España, que no exterminó –como otras naciones– las razas indígenas en los territorios que conquistó, las elevó hasta sí. España fue la gran «blanqueadora de razas». Pasados dos siglos desde la conquista de América, los indígenas se habían tornado blancos. En América ya no hubo dos razas, la conquistadora y la conquistada. No hubo más que una: la que resultó de la unión de aquellas dos. Los americanos eran los hijos de los conquistadores, llegados de España. Los españoles no se han fijado en esa colosal transmutación, cuando hoy mismo en donde las razas indígenas no han desaparecido exterminadas, se conservan separadas por infranqueables barreras, las dominadoras y las dominadas.
España inundó América de iglesias y escuelas. Introdujo allí la imprenta, un siglo antes que Inglaterra en sus posesiones, editó gramáticas y catecismos en todos los dialectos indígenas; sustituyó el violento esfuerzo muscular de los pobladores con las bestias de carga, ruedas hidráulicas y artefactos industriales; enseñó a los indígenas los oficios propios de su condición, el beneficio de los metales, la fabricación de tejidos, el curtido de las pieles, etc; importó animales, semillas y útiles para la agricultura; adaptó a las circunstancias la gran institución española del Municipio; promulgó el maravilloso monumento de las Leyes de Indias; y encendió esos dos faros del saber: las Universidades de Lima y de Méjico. ¿Que hubo violencias? ¿Que hubo injusticias?. ¿Qué país colonizador puede mostrar sus manos limpias de sangre?. Ninguno puede presentar, fuera de España, al lado del abuso, su condenación en las vehementes palabras de Las Casas, en la defensa de los derechos naturales de los indios, hecha por el gran Vitoria, y en la prohibición de la esclavitud por Isabel la Católica.
¿Para qué le valió todo eso a España…?. España nunca ha sido colonizadora. Ha sido algo más: ha sido civilizadora. El modo infalible de que las colonias no se emancipen es mantenerlas en su condición de atraso e ignorancia.
Esto es un secreto a voces, porque todas las naciones con imperio colonial –a excepción de España– lo han practicado. Pues bien; en el caso de nuestra Patria (Méjico), ni siquiera se produjo la separación por ansias de libertad de las colonias, una vez civilizadas.

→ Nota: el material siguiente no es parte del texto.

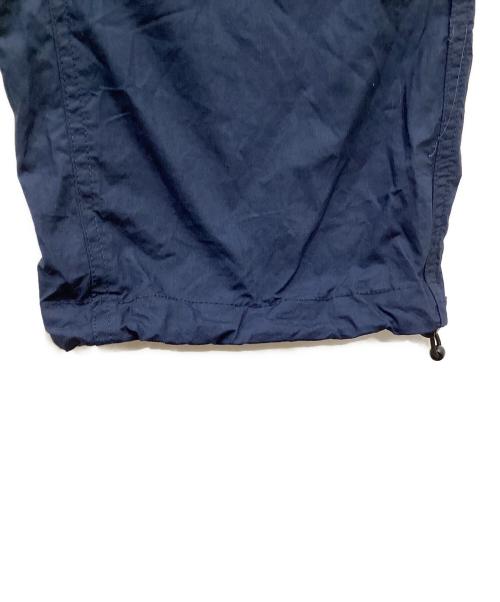 SUPREME（シュプリーム）Supreme (シュプリーム) 2-Tone Cinch Pant ネイビー サイズ:Mの古着・服飾アイテム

Y entonces, ¿cómo explicar la independencia americana…?. Nuestras hijas de América se separaron de España – paradoja exquisita y gloriosa – ¡por amor a España!. Cuando esta conclusión surgió ante mis ojos a la lectura de “La fin de l empire espagnol”, experimenté un deslumbramiento intelectual, y un estremecimiento de orgullo. Lo primero, porque la tesis era evidente; lo segundo, porque de ella resultaba España más grande aún de lo que yo la imaginaba en la exexaltación de mis filiales amores”.